* **Task instructions**
Return all the lines below, exactly as they read.

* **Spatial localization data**

===============

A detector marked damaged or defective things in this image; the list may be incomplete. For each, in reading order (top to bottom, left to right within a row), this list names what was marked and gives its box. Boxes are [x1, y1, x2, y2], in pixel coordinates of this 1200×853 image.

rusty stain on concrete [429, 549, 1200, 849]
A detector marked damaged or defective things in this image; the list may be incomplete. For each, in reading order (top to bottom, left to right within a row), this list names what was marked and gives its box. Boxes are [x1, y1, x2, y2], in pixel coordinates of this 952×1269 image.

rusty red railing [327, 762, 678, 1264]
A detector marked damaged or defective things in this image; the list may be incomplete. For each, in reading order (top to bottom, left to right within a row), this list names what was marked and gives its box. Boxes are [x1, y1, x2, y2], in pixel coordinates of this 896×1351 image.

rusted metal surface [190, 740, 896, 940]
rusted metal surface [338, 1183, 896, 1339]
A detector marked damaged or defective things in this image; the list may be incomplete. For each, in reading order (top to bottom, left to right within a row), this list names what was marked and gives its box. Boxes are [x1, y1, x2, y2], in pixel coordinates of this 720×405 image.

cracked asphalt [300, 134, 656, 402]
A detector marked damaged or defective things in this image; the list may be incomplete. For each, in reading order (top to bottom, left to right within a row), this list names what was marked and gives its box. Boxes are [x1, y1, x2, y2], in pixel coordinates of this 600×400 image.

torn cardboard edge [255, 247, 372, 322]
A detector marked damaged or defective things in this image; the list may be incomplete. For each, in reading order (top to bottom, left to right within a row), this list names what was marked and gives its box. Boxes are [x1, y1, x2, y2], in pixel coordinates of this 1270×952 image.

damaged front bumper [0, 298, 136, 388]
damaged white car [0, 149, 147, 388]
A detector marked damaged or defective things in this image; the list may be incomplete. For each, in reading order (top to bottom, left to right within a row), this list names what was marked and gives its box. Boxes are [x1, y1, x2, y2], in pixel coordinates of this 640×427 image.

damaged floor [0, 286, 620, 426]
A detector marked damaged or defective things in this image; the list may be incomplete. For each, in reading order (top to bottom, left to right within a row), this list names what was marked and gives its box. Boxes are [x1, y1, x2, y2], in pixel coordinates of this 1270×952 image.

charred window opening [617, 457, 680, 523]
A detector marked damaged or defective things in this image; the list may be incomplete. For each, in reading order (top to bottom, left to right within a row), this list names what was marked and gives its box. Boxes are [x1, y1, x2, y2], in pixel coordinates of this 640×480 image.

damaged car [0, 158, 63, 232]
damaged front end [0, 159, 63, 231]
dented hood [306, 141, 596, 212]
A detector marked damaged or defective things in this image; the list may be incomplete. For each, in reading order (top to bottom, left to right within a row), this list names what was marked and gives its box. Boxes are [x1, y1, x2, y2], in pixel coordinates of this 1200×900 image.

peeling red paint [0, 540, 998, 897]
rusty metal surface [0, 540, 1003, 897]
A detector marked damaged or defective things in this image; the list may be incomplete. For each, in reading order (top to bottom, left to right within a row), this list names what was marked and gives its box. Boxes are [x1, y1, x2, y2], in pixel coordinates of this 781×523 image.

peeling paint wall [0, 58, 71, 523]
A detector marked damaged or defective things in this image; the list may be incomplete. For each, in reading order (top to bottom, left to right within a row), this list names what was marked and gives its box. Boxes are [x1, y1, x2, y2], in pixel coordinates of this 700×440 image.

===============

* **Exercise response**
A detector marked damaged or defective things in this image; the list may be incomplete. For each, in reading order (top to bottom, left to right within a row), this list names what was marked and gives its box. Boxes are [x1, y1, x2, y2], in pixel coordinates of this 1200×853 image.

rusty stain on concrete [429, 549, 1200, 849]
A detector marked damaged or defective things in this image; the list may be incomplete. For each, in reading order (top to bottom, left to right within a row), this list names what was marked and gives its box. Boxes are [x1, y1, x2, y2], in pixel coordinates of this 952×1269 image.

rusty red railing [327, 762, 678, 1264]
A detector marked damaged or defective things in this image; the list may be incomplete. For each, in reading order (top to bottom, left to right within a row), this list names what was marked and gives its box. Boxes are [x1, y1, x2, y2], in pixel coordinates of this 896×1351 image.

rusted metal surface [190, 740, 896, 940]
rusted metal surface [338, 1183, 896, 1339]
A detector marked damaged or defective things in this image; the list may be incomplete. For each, in reading order (top to bottom, left to right within a row), this list names what was marked and gives its box. Boxes are [x1, y1, x2, y2], in pixel coordinates of this 720×405 image.

cracked asphalt [300, 134, 656, 402]
A detector marked damaged or defective things in this image; the list may be incomplete. For each, in reading order (top to bottom, left to right within a row), this list names what was marked and gives its box. Boxes are [x1, y1, x2, y2], in pixel coordinates of this 600×400 image.

torn cardboard edge [255, 247, 372, 322]
A detector marked damaged or defective things in this image; the list may be incomplete. For each, in reading order (top to bottom, left to right within a row), this list names what was marked and gives its box. Boxes are [x1, y1, x2, y2], in pixel coordinates of this 1270×952 image.

damaged front bumper [0, 298, 136, 388]
damaged white car [0, 149, 147, 388]
A detector marked damaged or defective things in this image; the list may be incomplete. For each, in reading order (top to bottom, left to right within a row), this list names what was marked and gives its box. Boxes are [x1, y1, x2, y2], in pixel coordinates of this 640×427 image.

damaged floor [0, 286, 620, 426]
A detector marked damaged or defective things in this image; the list may be incomplete. For each, in reading order (top to bottom, left to right within a row), this list names what was marked and gives its box. Boxes are [x1, y1, x2, y2], in pixel coordinates of this 1270×952 image.

charred window opening [617, 457, 680, 523]
A detector marked damaged or defective things in this image; the list may be incomplete. For each, in reading order (top to bottom, left to right within a row), this list names what was marked and gives its box. Boxes are [x1, y1, x2, y2], in pixel coordinates of this 640×480 image.

damaged car [0, 158, 63, 232]
damaged front end [0, 159, 63, 231]
dented hood [306, 141, 596, 212]
A detector marked damaged or defective things in this image; the list may be incomplete. For each, in reading order (top to bottom, left to right within a row), this list names what was marked and gives its box. Boxes are [x1, y1, x2, y2], in pixel coordinates of this 1200×900 image.

peeling red paint [0, 540, 998, 897]
rusty metal surface [0, 540, 1003, 897]
A detector marked damaged or defective things in this image; the list may be incomplete. For each, in reading order (top to bottom, left to right within a row), this list names what was marked and gives its box. Boxes are [x1, y1, x2, y2], in pixel coordinates of this 781×523 image.

peeling paint wall [0, 58, 71, 523]
A detector marked damaged or defective things in this image; the list may be incomplete. For each, in reading order (top to bottom, left to right within a row), this list names what was marked and gives its box. Boxes are [x1, y1, x2, y2], in pixel coordinates of this 700×440 image.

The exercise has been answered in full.